- Task details
Retype, without changes, every line from the line that contains "Buy this 2 bed" through the final line of the records. Exclude pictures.
--- Data for review ---
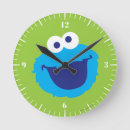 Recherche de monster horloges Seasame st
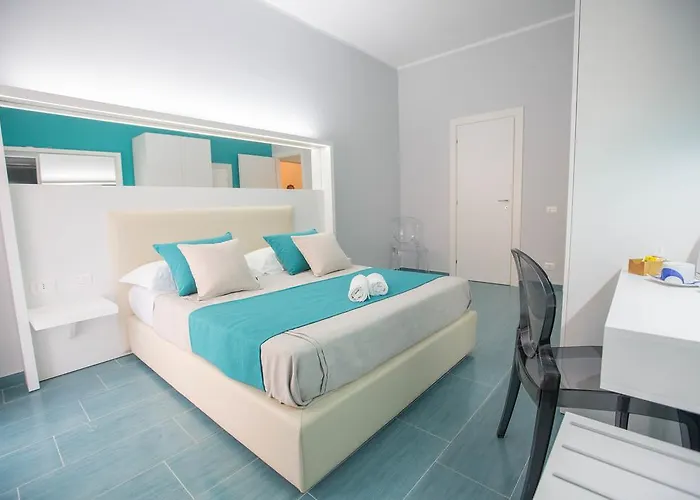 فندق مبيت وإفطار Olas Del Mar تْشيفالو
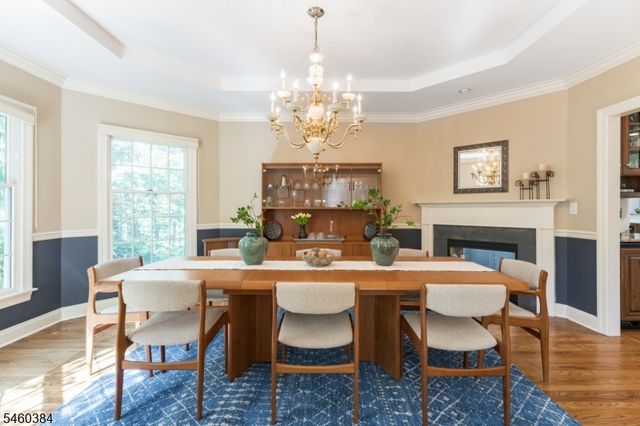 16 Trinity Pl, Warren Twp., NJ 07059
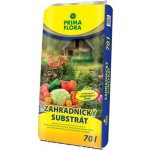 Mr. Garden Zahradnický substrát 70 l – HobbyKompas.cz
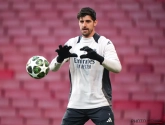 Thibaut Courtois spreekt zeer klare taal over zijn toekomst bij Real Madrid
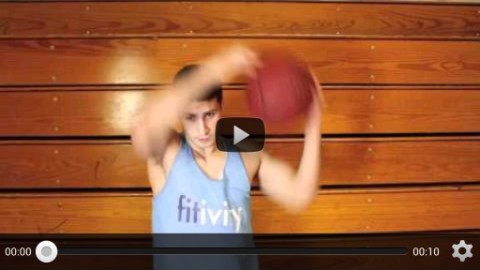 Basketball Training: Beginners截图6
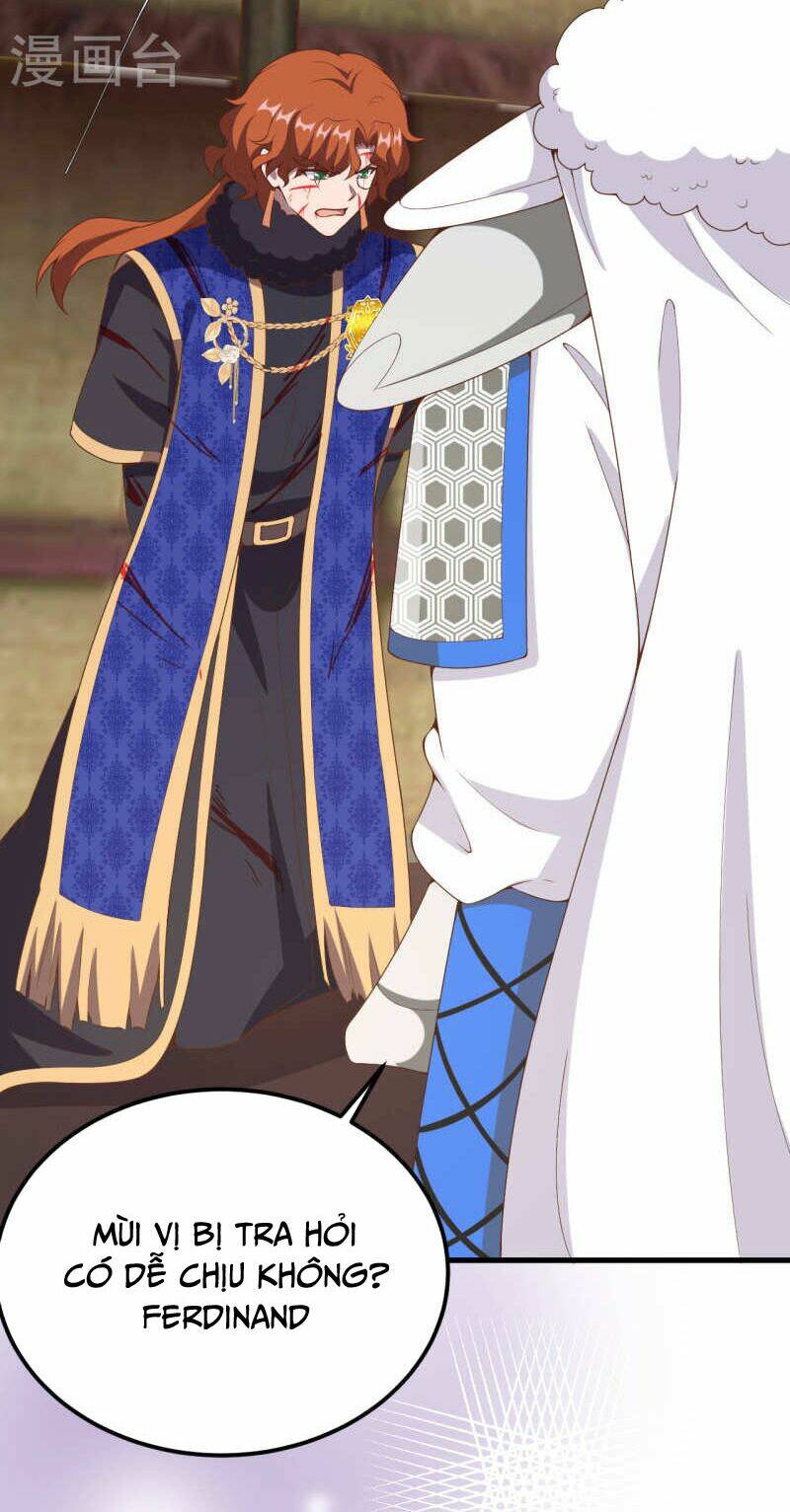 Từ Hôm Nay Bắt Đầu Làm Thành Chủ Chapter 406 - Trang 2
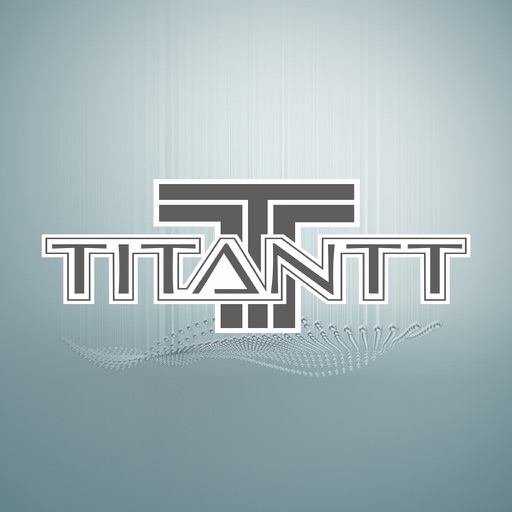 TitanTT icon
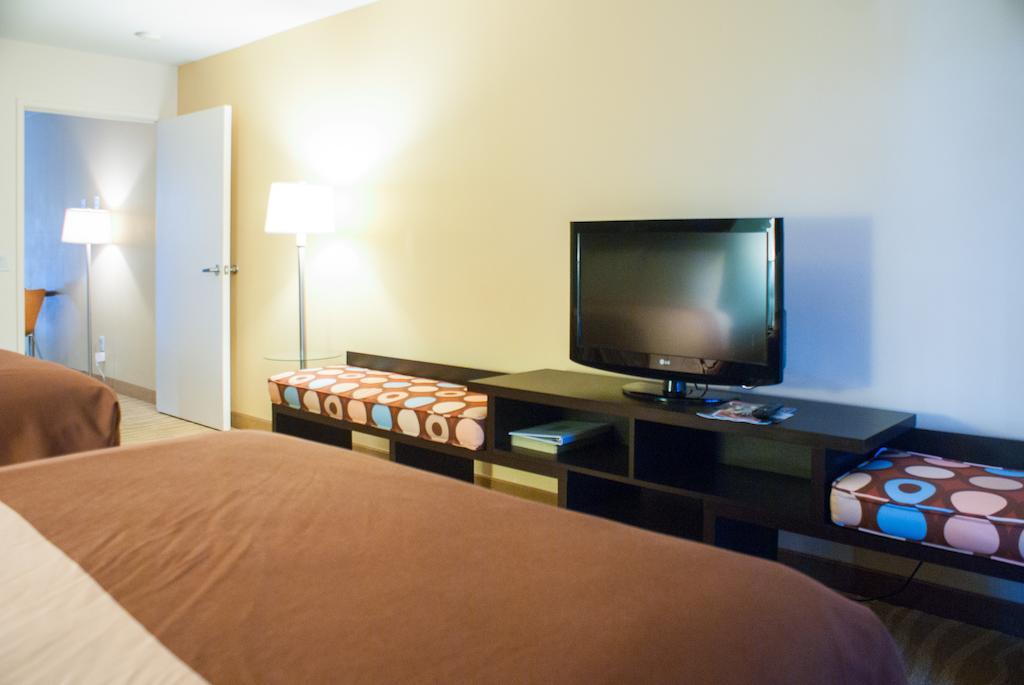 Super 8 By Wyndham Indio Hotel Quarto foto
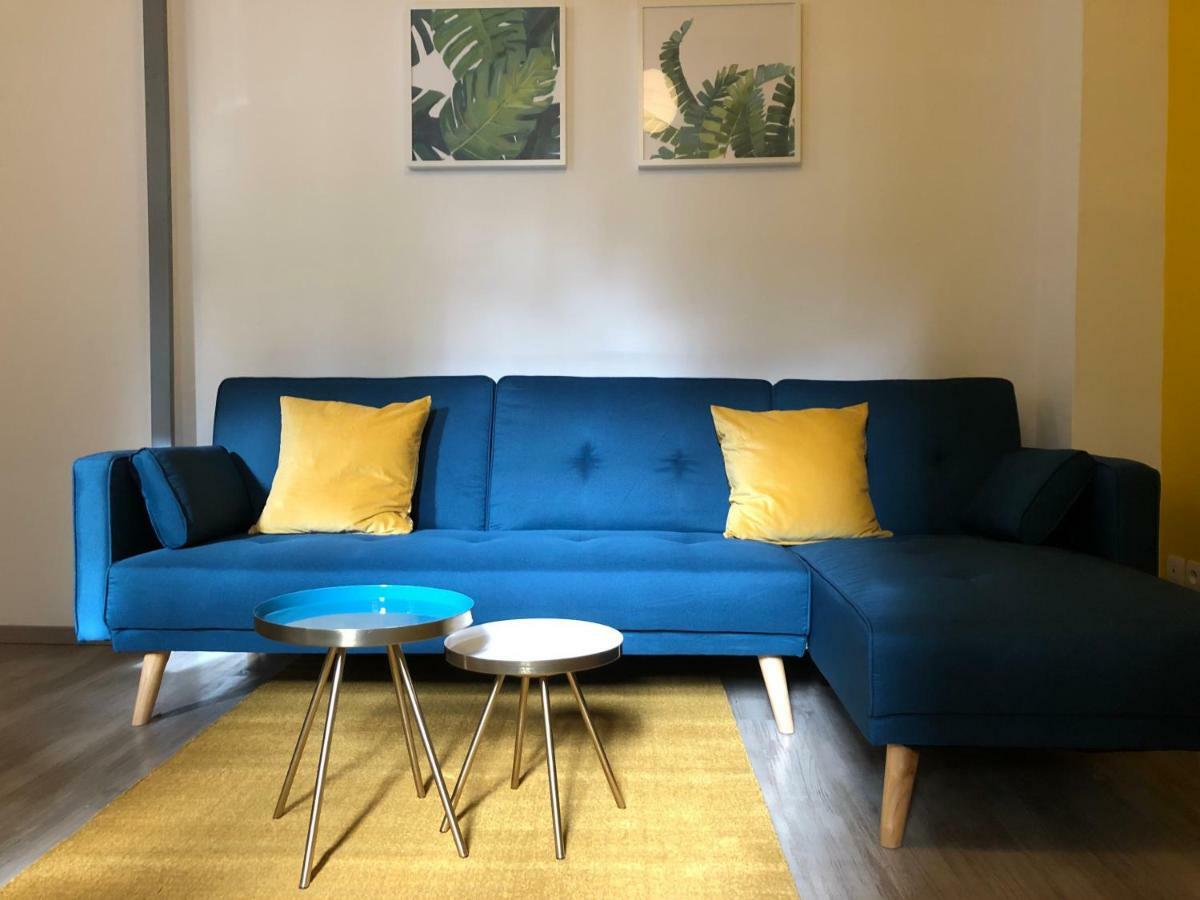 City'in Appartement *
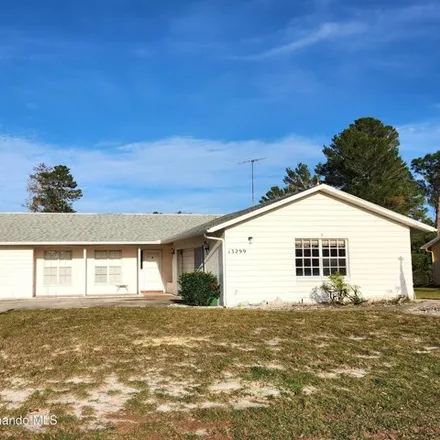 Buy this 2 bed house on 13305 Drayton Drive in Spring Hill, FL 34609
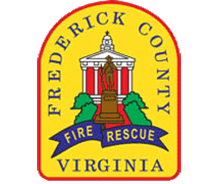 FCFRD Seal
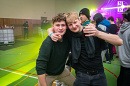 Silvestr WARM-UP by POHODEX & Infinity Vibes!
---
- Response below
 Buy this 2 bed house on 13305 Drayton Drive in Spring Hill, FL 34609
 FCFRD Seal
 Silvestr WARM-UP by POHODEX & Infinity Vibes!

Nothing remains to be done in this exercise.